## Records from a dataset
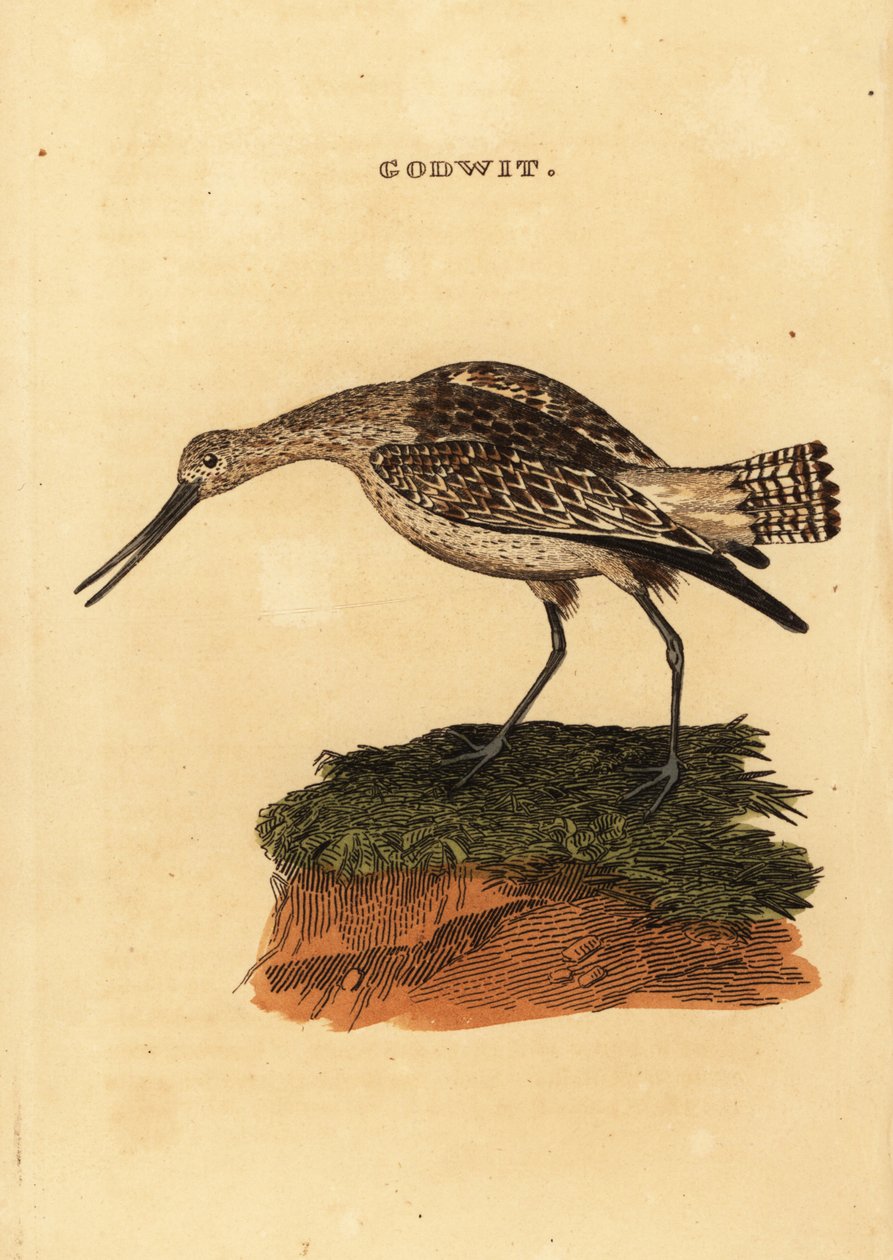 Bar-tailed godwit, Limosa lapponica 作者 爱德华·多诺万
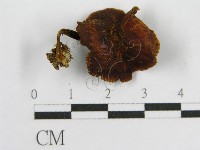 登錄號:F0001836藏品圖，第1張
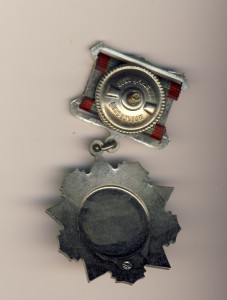 Ушаков на доке 91 год+ежик на доке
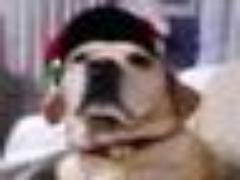 照り焼きもぶり大根も！和食の定番ぶりレシピ20選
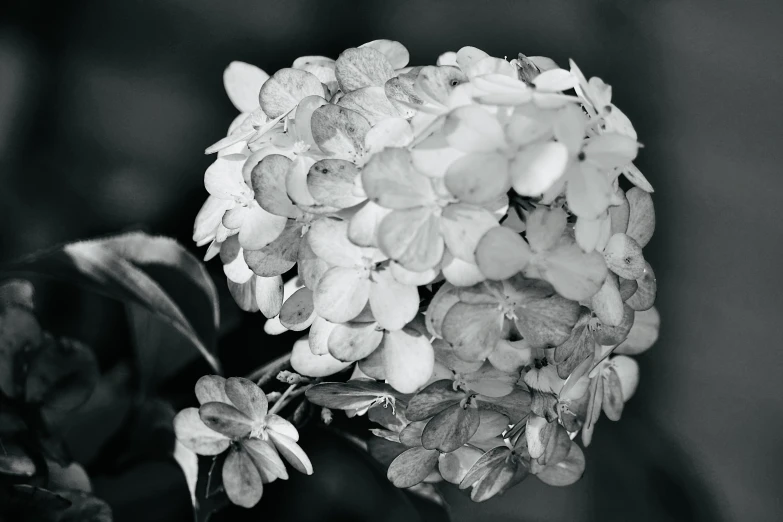 a black and white po with a flower in the middle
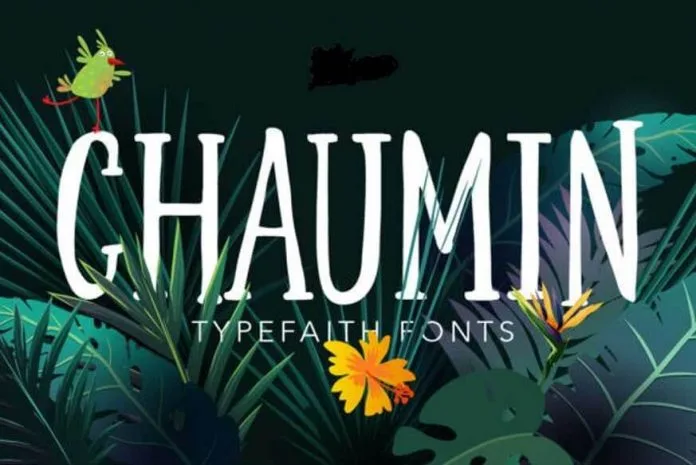 Chaumin Font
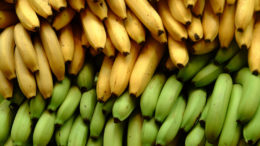 бананы польза и вред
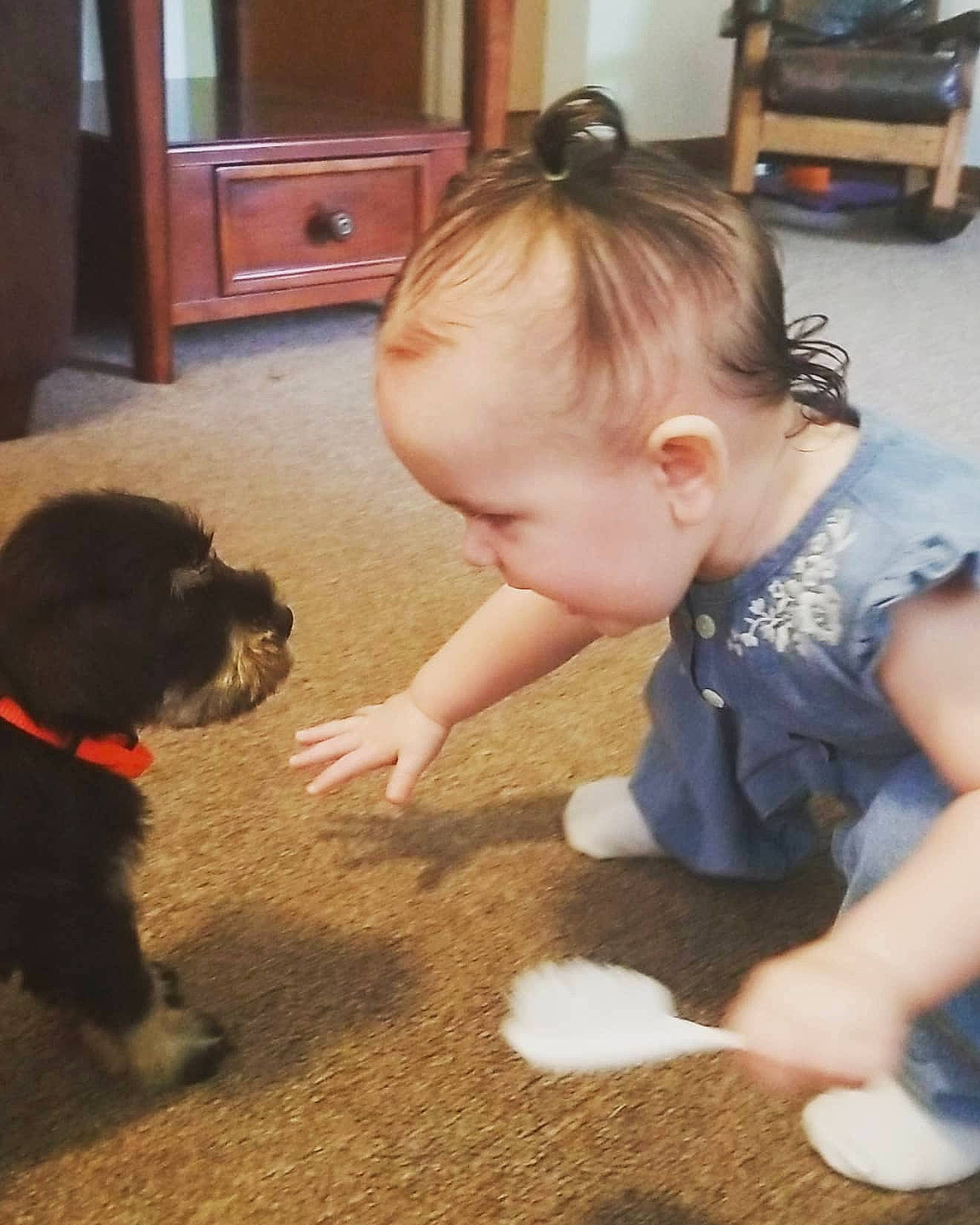 Karlee is registered to the contest to win money with this photo: baby_toddler_clothing, cabinetry, carnivore, chest_of_drawers, child, companion_dog, dog, dog_breed, drawer, fawn, floor, flooring, fur, person, skin, tail, toddler, toy_dog, vertebrate, wood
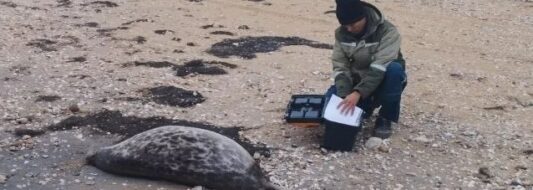 погибли тюлени на каспии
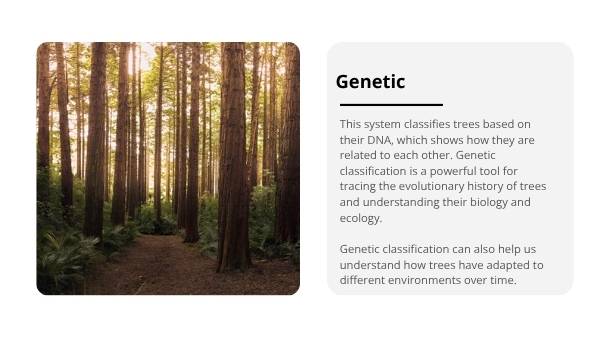 Classification and Identification of Trees Education Presentation — slide 7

## REQUIRED WORK
Your task is to retype the records above in full and exactly, omitting the pictures.

## RESPONSE
 Bar-tailed godwit, Limosa lapponica 作者 爱德华·多诺万
 登錄號:F0001836藏品圖，第1張
 Ушаков на доке 91 год+ежик на доке
 照り焼きもぶり大根も！和食の定番ぶりレシピ20選
 a black and white po with a flower in the middle
 Chaumin Font
 бананы польза и вред
 Karlee is registered to the contest to win money with this photo: baby_toddler_clothing, cabinetry, carnivore, chest_of_drawers, child, companion_dog, dog, dog_breed, drawer, fawn, floor, flooring, fur, person, skin, tail, toddler, toy_dog, vertebrate, wood
 погибли тюлени на каспии
 Classification and Identification of Trees Education Presentation — slide 7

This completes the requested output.